It is onward and upward for us here at Notinhalloffame.com as we have added to one of our existing sections, the Baseball Futures.
Today, we are pleased to unveil our section of former baseball players who will be eligible for the Baseball Hall of Fame in 2023.
The entire section can be found here, but below is the complete list of those whom we are profiling.
Aaron Hill: An All-Star in 2009 with the Toronto Blue Jays, Hill retired with just over 1,500 Hits. He would also be named a Silver Slugger twice.
Adam Lind: Lind would have 200 Home Runs and as a Blue Jay in 2009, he would win both the Silver Slugger and Edgar Martinez Award.
Andre Ethier: A career Los Angeles Dodger, Andre Ethier was a two-time All-Star and would win the Silver Slugger in 2009.
Bronson Arroyo: A member of the Boston Red Sox 2004 World Series Championship Team, Bronson Arroyo had his best seasons with the Cincinnati Reds. He would retire with 148 Wins and was an All-Star in 2006.
Carlos Beltran: Beltran retires with a strong Hall of Fame resume as he retired with 2,725 Hits and 435 Home Runs. Beltran went to nine All-Star Games, won two Silver Sluggers, three Gold Gloves and was a World Series Champion in his last season in Baseball.
Carlos Ruiz: Ruiz was a light hitting Catcher, but he was an All-Star in 2012 and a two-time Wilson Defensive Player. He has a World Series Ring with Philadelphia Phillies in 2008.

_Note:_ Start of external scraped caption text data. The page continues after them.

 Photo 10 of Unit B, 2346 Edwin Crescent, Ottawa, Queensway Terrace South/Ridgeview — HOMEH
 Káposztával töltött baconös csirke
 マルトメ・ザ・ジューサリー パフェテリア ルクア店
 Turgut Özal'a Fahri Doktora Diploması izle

Chad Qualls: Qualls pitched mostly in middle and long relief and would pitch in 844 Games.
Erick Aybar: Aybar was an All-Star in 2014 and was a Gold Glove winner in 2011.
Francisco Rodriguez: “K-Rod” won the World Series with the Anaheim Angels in 2002 and would go on to six All-Star Games. Rodriguez led the AL in Saves three times and collected 437 in total.

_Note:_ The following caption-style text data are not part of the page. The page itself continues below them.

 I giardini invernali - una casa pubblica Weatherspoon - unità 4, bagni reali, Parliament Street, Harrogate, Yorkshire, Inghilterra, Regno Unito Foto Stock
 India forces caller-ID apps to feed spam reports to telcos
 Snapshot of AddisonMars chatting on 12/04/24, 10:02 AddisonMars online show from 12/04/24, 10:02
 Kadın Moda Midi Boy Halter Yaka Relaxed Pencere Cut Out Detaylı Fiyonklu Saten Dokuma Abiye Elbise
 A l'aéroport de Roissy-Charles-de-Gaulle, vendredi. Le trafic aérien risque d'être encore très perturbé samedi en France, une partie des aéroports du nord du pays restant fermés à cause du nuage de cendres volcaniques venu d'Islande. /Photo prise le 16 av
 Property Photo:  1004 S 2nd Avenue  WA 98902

Glen Perkins: Perkins secured 120 Saves over a career that was spent entirely with the Minnesota Twins.
Huston Street: Street was the American League Rookie of the Year in 2005 and would be a two-time All-Star. He retired with 324 Saves.
J.J. Hardy: Hardy was a two-time All-Star at Shortstop and would be a three-time Gold Glove recipient. He would also win the Silver Slugger Award in 2013.
Jacoby Ellsbury: Ellsbury won the World Series twice with the Boston Red Sox, and he was an All-Star, Silver Slugger and Gold Glove winner in 2011.
Jason Grilli: Grilli played for nine different teams in the Majors and was an All-Star in 2013 when he was the closer for the Pittsburgh Pirates.
Jayson Werth: Werth was a World Series Champion with the Phillies in 2008 and would be an All-Star a year later. He would have 229 Home Runs over his career.
Jered Weaver: Weaver led the American League in Strikeouts in 2010 and was a three-time All-Star. He would win 150 Games over his career.
Jhonny Peralta: Peralta would accumulate 1,761 Hits and was a three-time All-Star.
Joaquin Benoit: Benoit would pitch in 764 Games in his career.
Joe Blanton: Blanton won 101 Games in his career and would win a World Series Ring with Philadelphia in 2008.
John Lackey: Lackey won three World Series Rings with three different teams (Anaheim 2002, Boston 2013 & Chicago 2016) and was an All-Star in 2007. Lackey won 188 Games and struck out 2,294 batters.
Jonathan Broxton: As a Dodger, Broxton went to two All-Star Games as a Relief Pitcher.
Matt Cain: Cain would win three World Series Rings with the San Francisco Giants and was also a three-time All-Star.
Mike Napoli: Napoli was an All-Star with the Texas Rangers in 2012 and would help the Red Sox win the World Series in 2013.
R.A. Dickey: Dickey won the National League Cy Young Award in 2012 and the knuckleballer would record 120 Wins.
Stephen Drew: Drew had a little over 1,100 Hits and was a World Series Champion with the Red Sox in 2013.
Ubaldo Jiminez: Jiminez was an All-Star in 2010 and retired with 114 Wins and 1,720 Strikeouts.
Please note that just because the above players are Hall of Fame eligible in 2023, it does not mean that they will be on the ballot.